PROBLEM TO SOLVE –
Only one stretch of the listing below is wanted: the line with "Funny Coffee Mugs" and all lines after it. Reproduce that stretch exactly.

GIVEN INFORMATION –
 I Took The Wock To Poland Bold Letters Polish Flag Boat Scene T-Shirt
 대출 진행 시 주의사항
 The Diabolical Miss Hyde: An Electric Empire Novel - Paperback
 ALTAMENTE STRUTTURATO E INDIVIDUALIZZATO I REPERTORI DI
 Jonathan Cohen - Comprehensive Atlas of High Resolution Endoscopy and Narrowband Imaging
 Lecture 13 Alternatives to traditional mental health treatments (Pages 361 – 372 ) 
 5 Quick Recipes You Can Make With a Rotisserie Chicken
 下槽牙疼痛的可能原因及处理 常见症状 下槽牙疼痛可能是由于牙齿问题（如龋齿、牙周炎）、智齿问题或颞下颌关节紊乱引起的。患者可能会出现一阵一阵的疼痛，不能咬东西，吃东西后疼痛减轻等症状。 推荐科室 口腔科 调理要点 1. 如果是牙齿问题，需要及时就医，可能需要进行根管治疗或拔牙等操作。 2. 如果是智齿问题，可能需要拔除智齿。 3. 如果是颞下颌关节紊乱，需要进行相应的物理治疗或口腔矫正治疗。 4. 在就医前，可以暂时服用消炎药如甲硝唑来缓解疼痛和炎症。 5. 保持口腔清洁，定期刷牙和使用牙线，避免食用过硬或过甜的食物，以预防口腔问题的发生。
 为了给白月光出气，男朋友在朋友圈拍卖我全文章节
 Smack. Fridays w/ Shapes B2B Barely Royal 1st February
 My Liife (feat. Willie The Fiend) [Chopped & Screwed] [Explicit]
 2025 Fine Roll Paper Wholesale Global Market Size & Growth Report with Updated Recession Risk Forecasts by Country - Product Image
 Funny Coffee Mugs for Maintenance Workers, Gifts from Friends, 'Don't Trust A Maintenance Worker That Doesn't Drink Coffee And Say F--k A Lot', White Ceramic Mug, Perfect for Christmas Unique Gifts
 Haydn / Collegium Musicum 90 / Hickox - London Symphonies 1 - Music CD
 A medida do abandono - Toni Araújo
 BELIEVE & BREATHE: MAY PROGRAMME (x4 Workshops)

RESPONSE –
 Funny Coffee Mugs for Maintenance Workers, Gifts from Friends, 'Don't Trust A Maintenance Worker That Doesn't Drink Coffee And Say F--k A Lot', White Ceramic Mug, Perfect for Christmas Unique Gifts
 Haydn / Collegium Musicum 90 / Hickox - London Symphonies 1 - Music CD
 A medida do abandono - Toni Araújo
 BELIEVE & BREATHE: MAY PROGRAMME (x4 Workshops)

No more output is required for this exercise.